__Task details__: Although the records contain pictures, repeat only the text of every line exactly.
Start of Block
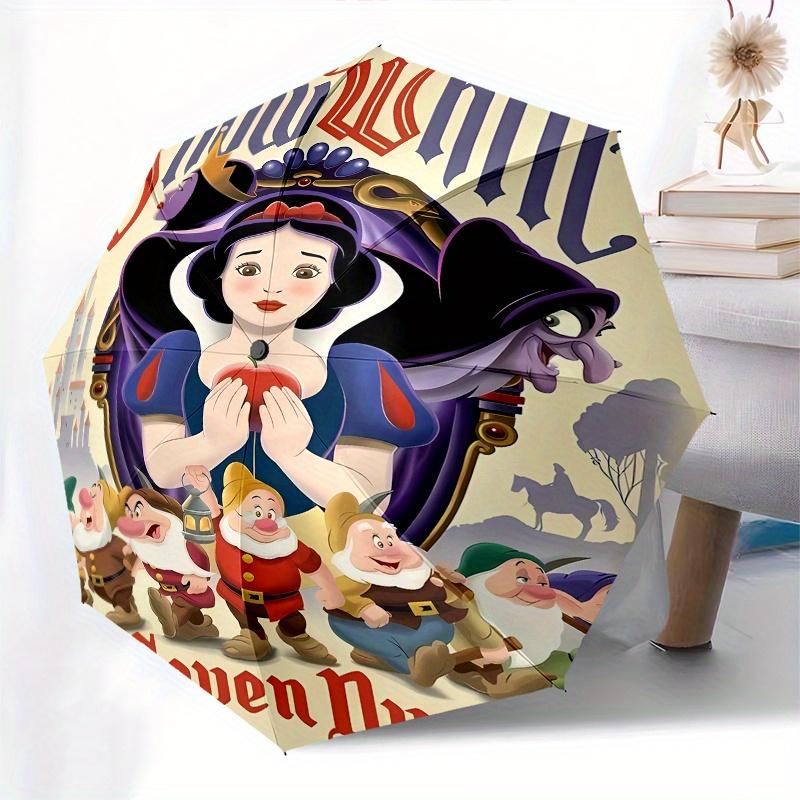 Snow White & the Seven Dwarfs Automatic Opening and Closing Cartoon Umbrella - Small Umbrella Suitable for Various Occasions, Portable 3-Fol
Snow White & the Seven Dwarfs Automatic Opening and Closing Cartoon Umbrella - Small Umbrella Suitable for Various Occasions, Portable 3-Fol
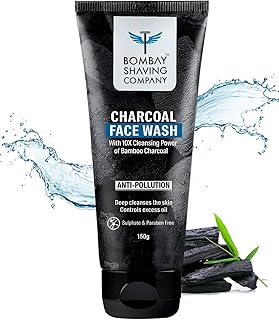Bombay Shaving Company Charcoal Face Wash Fights Pollution And Acne Oil Control For Men Women 150 Gm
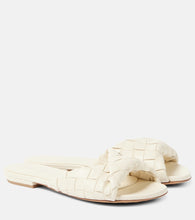 Bottega Veneta Blink Intrecciato leather slides - Bottega Veneta Blink Intrecciato 皮革拖鞋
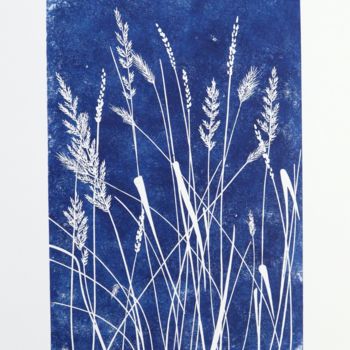 Gravures & estampes intitulée "Les herbes d'hiver" par Dominika Lehocka, Œuvre d'art originale, Linogravures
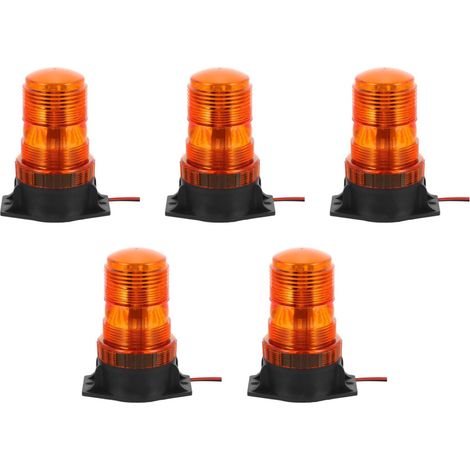 Set di 5 luci stroboscopiche arancioni ad alta visibilità per macchinari pesanti (1/2)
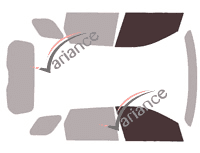 Verglasungsschablone - Fensterkit vorne - Land Rover Discovery Sport (1) Sport 5-türig (ab 2015) Verglasungsschablone - Fensterkit vorne - Land Rover Discovery Sport (1) Sport 5-türig (ab 2015)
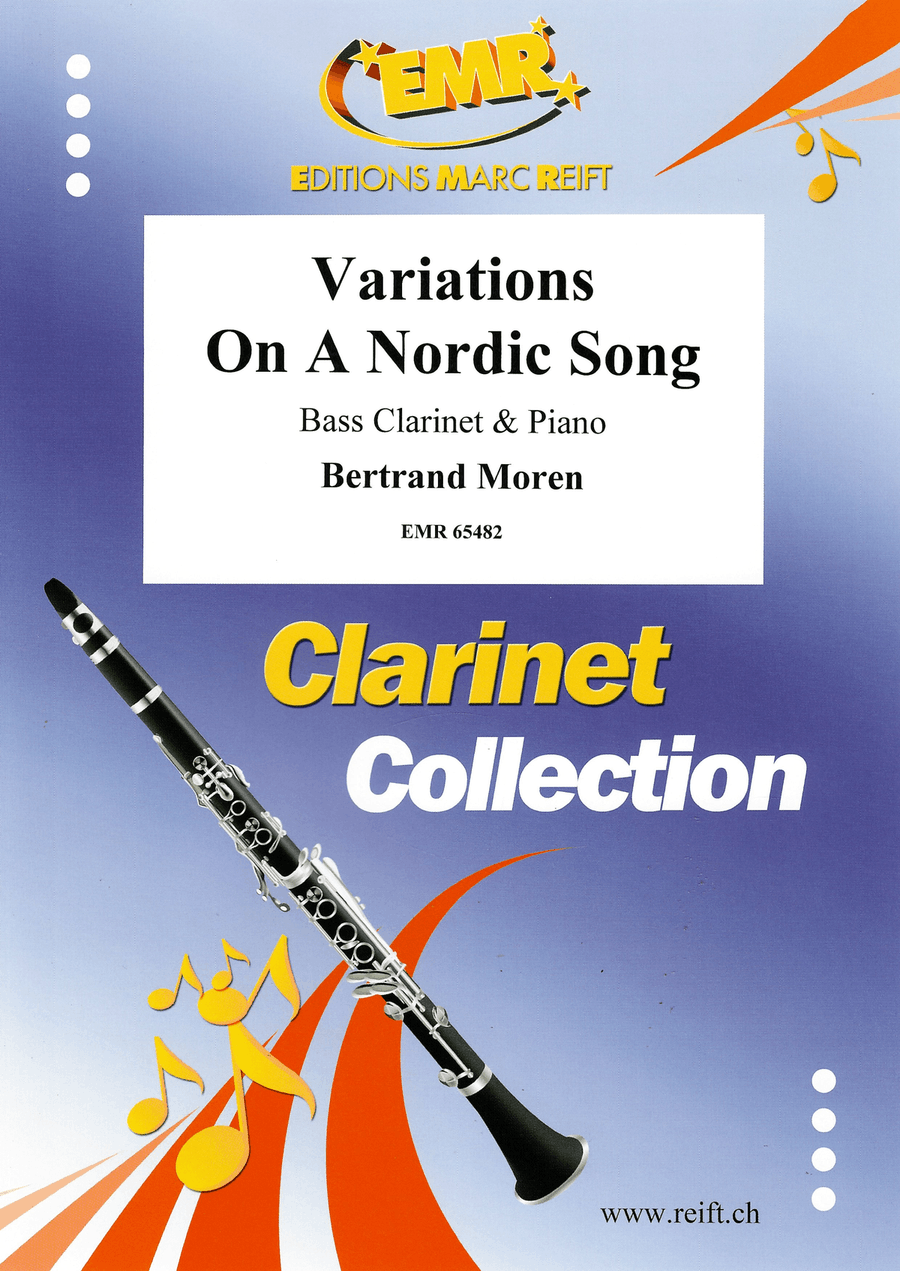 Variations On A Nordic Song Bass Clarinet scores gallery preview page 1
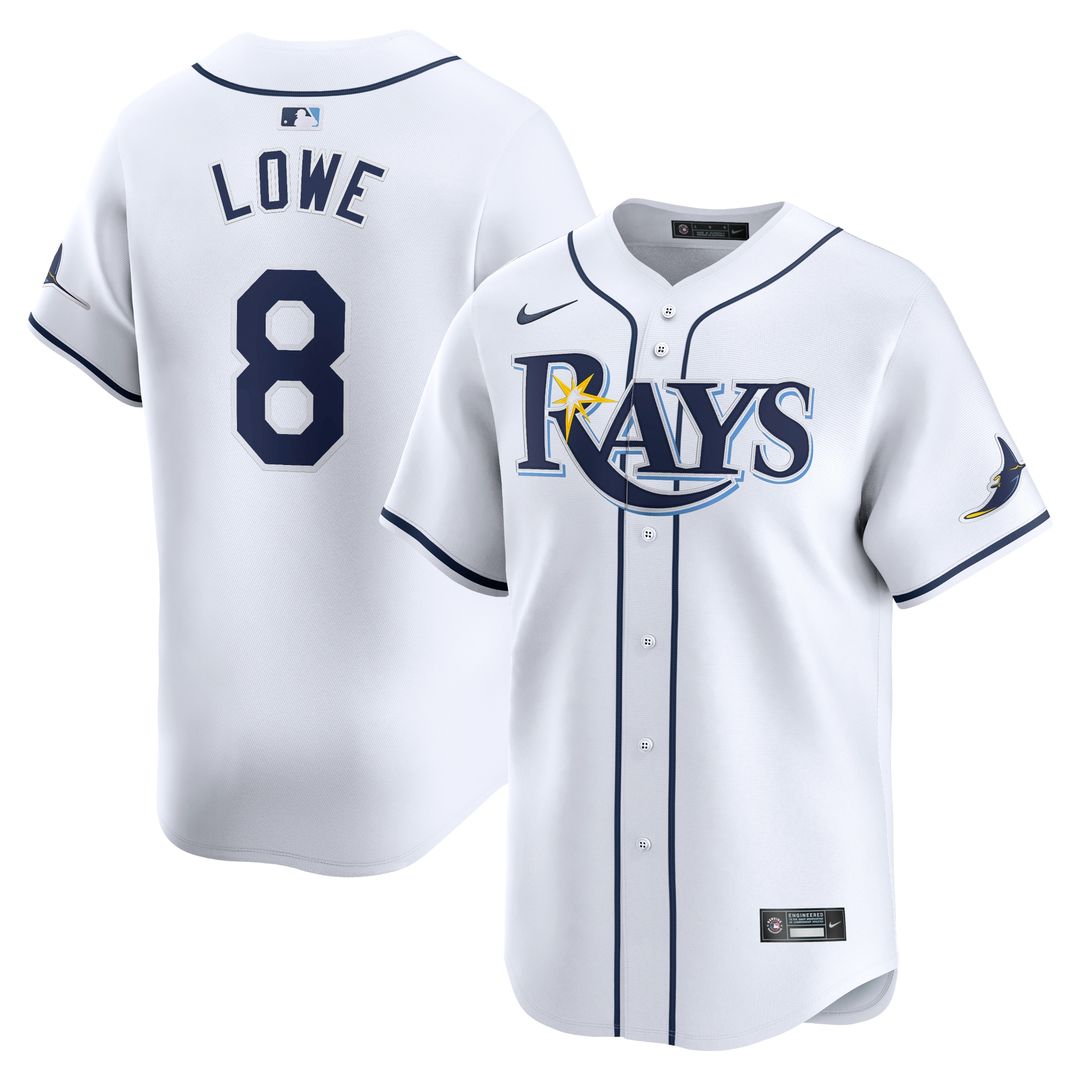 Brandon Lowe Tampa Bay Rays Nike Home Player Limited Jersey - White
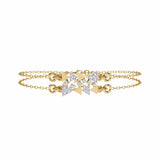 Designer Triangle Diamond Chain Bracelet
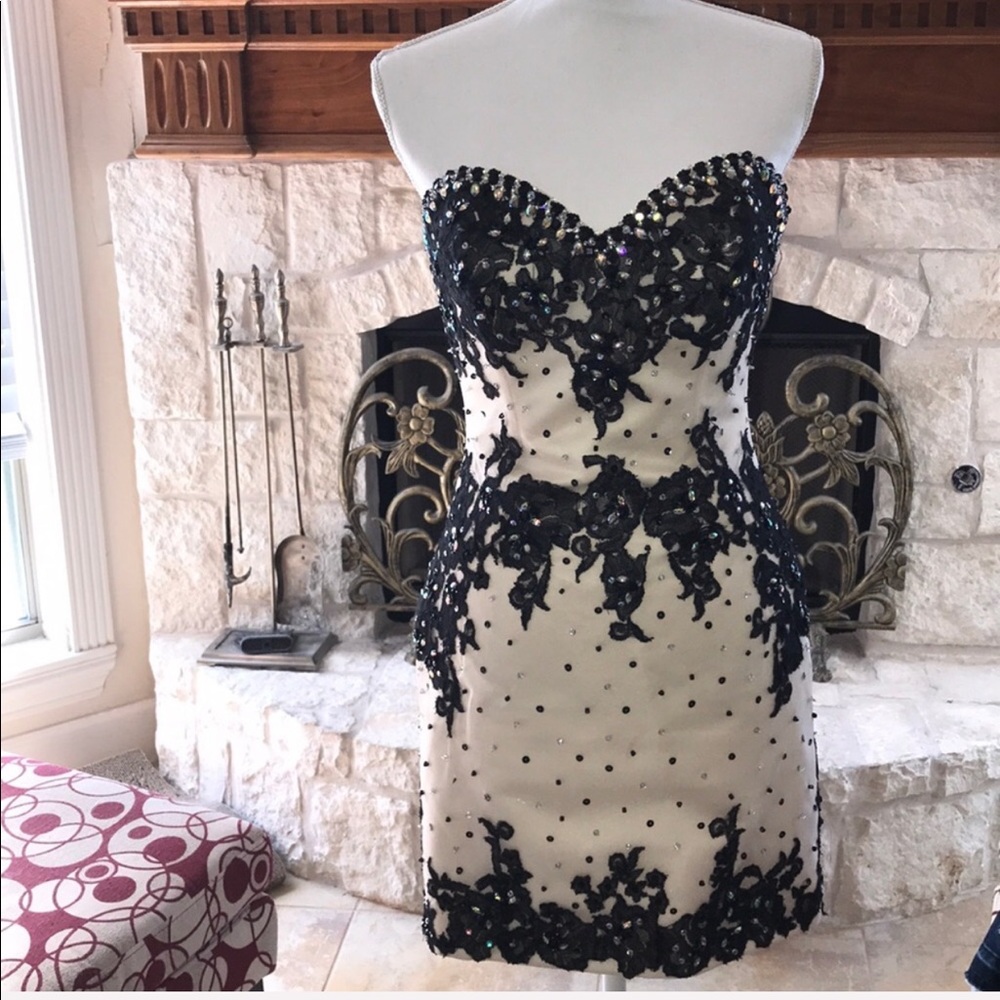 Mori Lee by Madeline Gardner party dress #9319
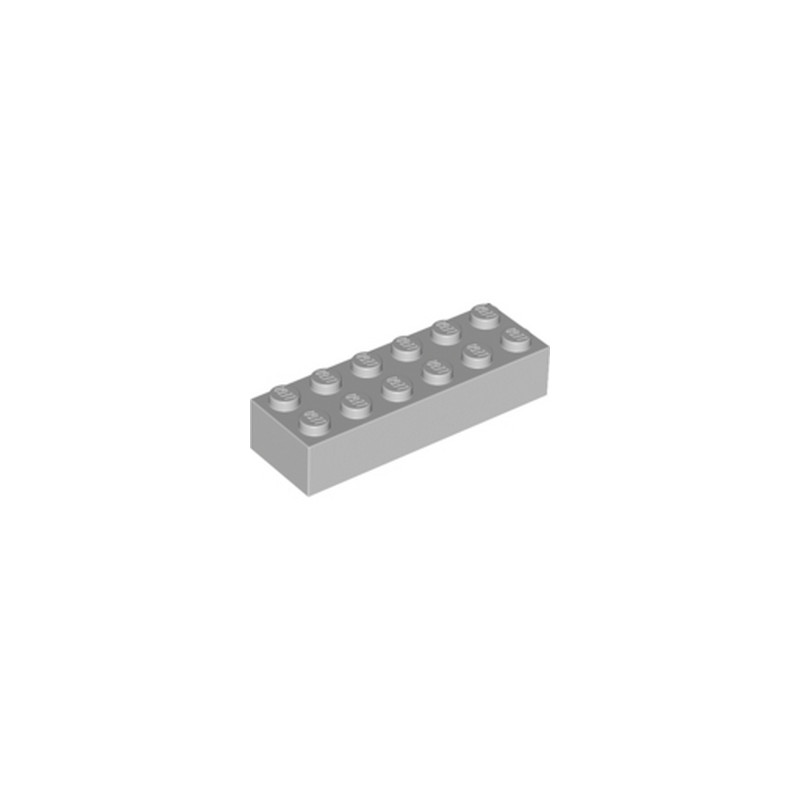 LEGO 4274668 BRICK 2X6 - MEDIUM STONE GREY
End of Block
__Solved problem__:
 Snow White & the Seven Dwarfs Automatic Opening and Closing Cartoon Umbrella - Small Umbrella Suitable for Various Occasions, Portable 3-Fol
Snow White & the Seven Dwarfs Automatic Opening and Closing Cartoon Umbrella - Small Umbrella Suitable for Various Occasions, Portable 3-Fol
Bombay Shaving Company Charcoal Face Wash Fights Pollution And Acne Oil Control For Men Women 150 Gm
 Bottega Veneta Blink Intrecciato leather slides - Bottega Veneta Blink Intrecciato 皮革拖鞋
 Gravures & estampes intitulée "Les herbes d'hiver" par Dominika Lehocka, Œuvre d'art originale, Linogravures
 Set di 5 luci stroboscopiche arancioni ad alta visibilità per macchinari pesanti (1/2)
 Verglasungsschablone - Fensterkit vorne - Land Rover Discovery Sport (1) Sport 5-türig (ab 2015) Verglasungsschablone - Fensterkit vorne - Land Rover Discovery Sport (1) Sport 5-türig (ab 2015)
 Variations On A Nordic Song Bass Clarinet scores gallery preview page 1
 Brandon Lowe Tampa Bay Rays Nike Home Player Limited Jersey - White
 Designer Triangle Diamond Chain Bracelet
 Mori Lee by Madeline Gardner party dress #9319
 LEGO 4274668 BRICK 2X6 - MEDIUM STONE GREY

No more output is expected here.